Abu Simbel Egypt is home to one of the most famous temples of the world – the Great Temple of Ramses II.
The monumental temple complex of Abu Simbel is situated beside Lake Nasser in the heart of Nubian territory in southern Egypt near the border of Sudan. The two temples there were constructed during the 13th century BC (19th Dynasty) for the pharaoh Ramses II and his favourite wife Nefertari.
Taking the throne at the age of 20, Ramses II (aka Ramesses II, Ramses the Great) ruled for an amazing 67 years during the 19th Dynasty (1279-1212 BC) which is the second longest reign of all the ancient Egyptian pharaohs. He was also was busy man in that he reportedly fathered over 100 children from several wives.
The main temples facade has four colossal 20 metre high seated sculptures of Ramses who built the Temple to remind the Nubians that he and no one else is their supreme ruler.

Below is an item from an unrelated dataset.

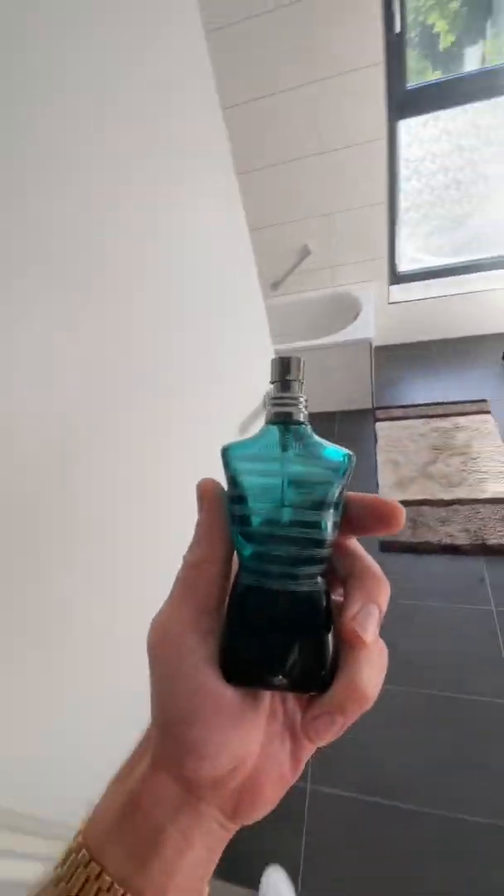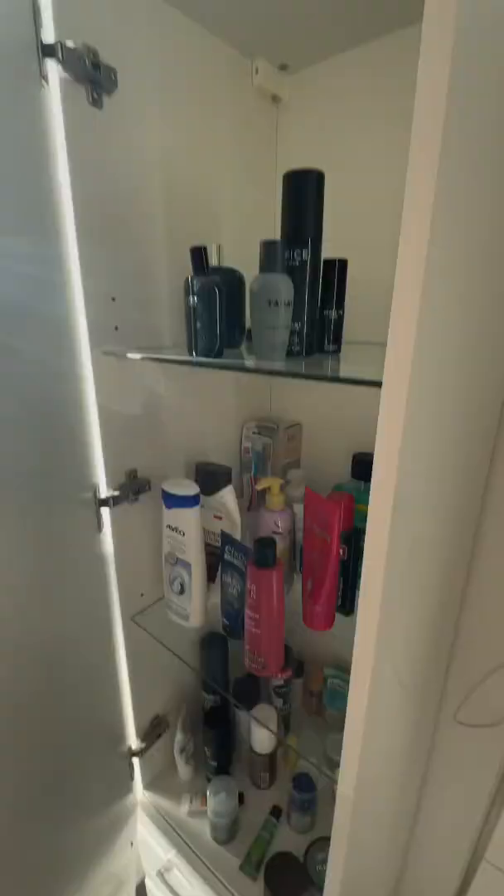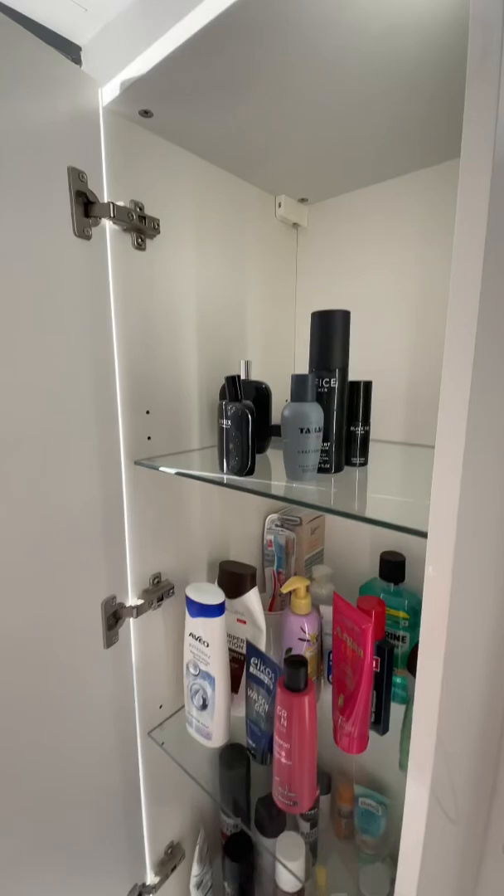Storing your fragrance correctly — how to do it? Definitely not like this, exposed to light. What would be better? Put it here, in a cool and dark place.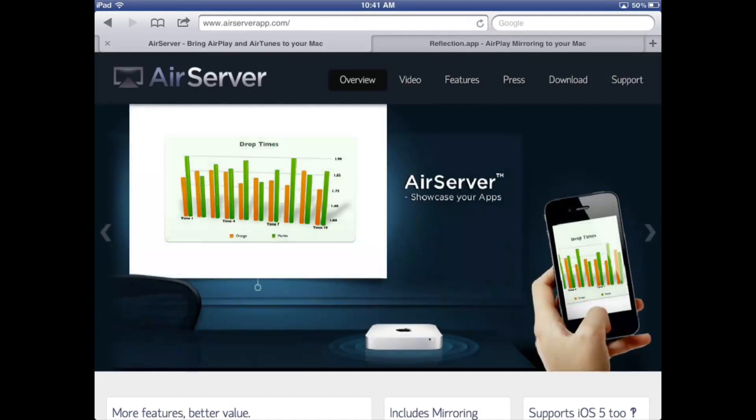Hey everybody, it's me Doc here. I got another quick app review for you. Today I'm going to talk to you about AirServer.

The smaller Temple of Nefertari was built for the favourite wife of Ramses II.
What is most astonishing about the whole complex is that it was actually saved by International Campaign launched by UNESCO. The whole complex was moved stone by stone to its current site in the 1960’s to save it from being forever lost due to the rising waters from the new Aswan dam.
The new site was landscaped to match its previous location (including the hill) and what is seen today has been completely restored to how it was prior to the monumental move.
Abu Simbel is listed a UNESCO World Heritage Site together with Nubian Monuments from Abu Simbel to Philae.